/ 10 October 2002

Pacino the great

In Insomnia, Al Pacino plays Los Angeles detective Will Dormer, who has to solve the murder of a schoolgirl in the jagged wastes of the Alaskan summer, where the sun doesn’t set. He starts off looking exhausted and it only gets worse.

Soon he inadvertently commits a crime by omitting to declare it. Problem is, the killer Walter Finch (Robin Williams) saw what he did, and the admiring local detective Ellie Burr (Hilary Swank) takes his advice and sticks to details like her surname. Soon she’s investigating the man she idolises, if not envies.

Williams as the killer doesn’t quite work but is fascinating, because he has to strain against his considerable reputation as a joker and the deflated mystique of the psychopath as Hollywood star. He is introduced to us as the killer early on and without any particular fanfare.

Apart from killing an admiring girl (echoing Burr’s endeavours) in a moment of elemental rage, Finch is, of all things, a mediocre thriller writer. The point that his — and possibly all men’s — pathology has to do with a deep fear and loathing of women is quite clearly made.

But worse than becoming worse his personality is petrified from the start, like the surrounding black mountains that are usually covered in ice. That does not, in all fairness, give Williams much to work with.

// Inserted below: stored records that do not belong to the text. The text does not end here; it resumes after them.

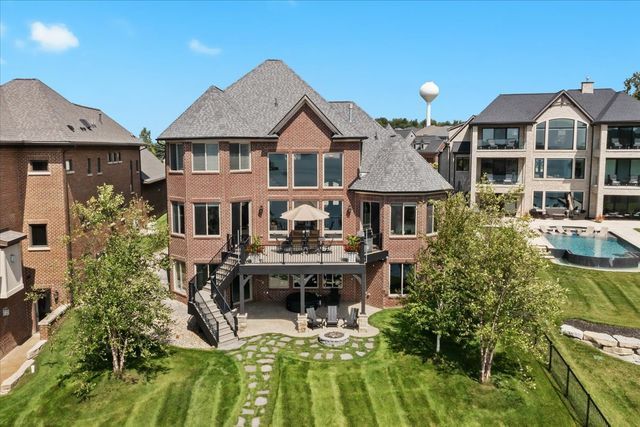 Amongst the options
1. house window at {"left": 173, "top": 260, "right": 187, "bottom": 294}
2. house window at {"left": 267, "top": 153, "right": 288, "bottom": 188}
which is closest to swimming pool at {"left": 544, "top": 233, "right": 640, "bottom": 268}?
house window at {"left": 267, "top": 153, "right": 288, "bottom": 188}

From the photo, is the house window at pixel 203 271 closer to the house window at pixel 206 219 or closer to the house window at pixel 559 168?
the house window at pixel 206 219

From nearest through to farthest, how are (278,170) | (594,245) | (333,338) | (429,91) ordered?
(333,338), (278,170), (594,245), (429,91)

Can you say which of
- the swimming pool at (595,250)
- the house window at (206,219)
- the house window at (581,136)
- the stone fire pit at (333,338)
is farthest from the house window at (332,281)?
the house window at (581,136)

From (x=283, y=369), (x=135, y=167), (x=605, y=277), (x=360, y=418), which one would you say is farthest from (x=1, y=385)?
(x=605, y=277)

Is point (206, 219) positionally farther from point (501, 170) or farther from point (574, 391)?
point (501, 170)

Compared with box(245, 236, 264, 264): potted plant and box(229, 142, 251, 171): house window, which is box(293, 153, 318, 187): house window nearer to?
box(229, 142, 251, 171): house window

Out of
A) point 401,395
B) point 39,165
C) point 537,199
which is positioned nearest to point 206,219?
point 39,165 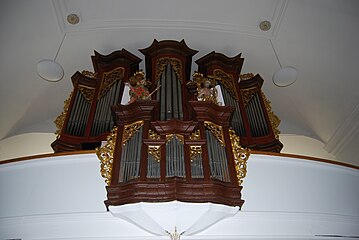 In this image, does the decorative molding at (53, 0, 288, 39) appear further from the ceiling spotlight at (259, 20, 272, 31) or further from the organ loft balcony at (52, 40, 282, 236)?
the organ loft balcony at (52, 40, 282, 236)

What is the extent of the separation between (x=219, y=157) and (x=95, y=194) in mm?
1333

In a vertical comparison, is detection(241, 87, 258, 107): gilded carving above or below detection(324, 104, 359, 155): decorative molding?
above

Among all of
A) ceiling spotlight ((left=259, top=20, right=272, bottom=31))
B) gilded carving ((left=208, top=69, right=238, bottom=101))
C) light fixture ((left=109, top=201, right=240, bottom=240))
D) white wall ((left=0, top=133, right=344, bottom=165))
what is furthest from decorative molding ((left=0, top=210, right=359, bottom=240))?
ceiling spotlight ((left=259, top=20, right=272, bottom=31))

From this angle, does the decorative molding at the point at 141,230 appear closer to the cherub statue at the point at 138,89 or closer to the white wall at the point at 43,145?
the cherub statue at the point at 138,89

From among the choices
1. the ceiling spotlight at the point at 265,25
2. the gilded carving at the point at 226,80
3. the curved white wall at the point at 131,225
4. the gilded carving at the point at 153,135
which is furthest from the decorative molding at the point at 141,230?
the ceiling spotlight at the point at 265,25

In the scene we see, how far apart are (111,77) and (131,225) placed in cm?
281

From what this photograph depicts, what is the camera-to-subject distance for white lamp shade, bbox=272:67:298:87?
629 centimetres

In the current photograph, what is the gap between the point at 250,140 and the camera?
16.7ft

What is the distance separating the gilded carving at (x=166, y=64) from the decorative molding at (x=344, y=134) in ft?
9.88

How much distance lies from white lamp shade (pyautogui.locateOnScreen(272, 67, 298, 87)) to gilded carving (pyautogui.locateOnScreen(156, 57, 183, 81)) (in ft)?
5.90

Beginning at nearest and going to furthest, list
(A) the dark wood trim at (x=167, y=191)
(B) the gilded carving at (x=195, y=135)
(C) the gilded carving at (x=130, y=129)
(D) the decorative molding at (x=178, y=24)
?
1. (A) the dark wood trim at (x=167, y=191)
2. (B) the gilded carving at (x=195, y=135)
3. (C) the gilded carving at (x=130, y=129)
4. (D) the decorative molding at (x=178, y=24)

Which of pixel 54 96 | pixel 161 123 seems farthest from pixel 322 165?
pixel 54 96

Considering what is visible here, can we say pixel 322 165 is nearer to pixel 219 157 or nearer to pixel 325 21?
pixel 219 157

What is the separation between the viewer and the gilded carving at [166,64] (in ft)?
18.4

Swank, too, in her masculine uniform, has a hard time of it, because she has to act in miniature. But her rather sexless character’s growing disappointment in Dormer is subtle and memorable, as is her gradual feminisation.

Directed by the relatively young Christopher Nolan (32), who has already distinguished himself with the impressive Memento, Pacino takes us through his week of de-creation, obsessed with blocking out the light of his hotel room, his professional and moral self-loathing, his life.

That obsession — Nolan’s is to always introduce his main characters by showing what their hands do; in this case a kind of Lady Macbeth in reverse — leads to the moving conclusion about what separates the Dormers from the Finches of this world. Finally, if this intelligent thriller has its faults they are subsumed by Pacino’s performance, which ranges from a haunted Nosferatu to a modern-day King Lear. It is a work of true genius.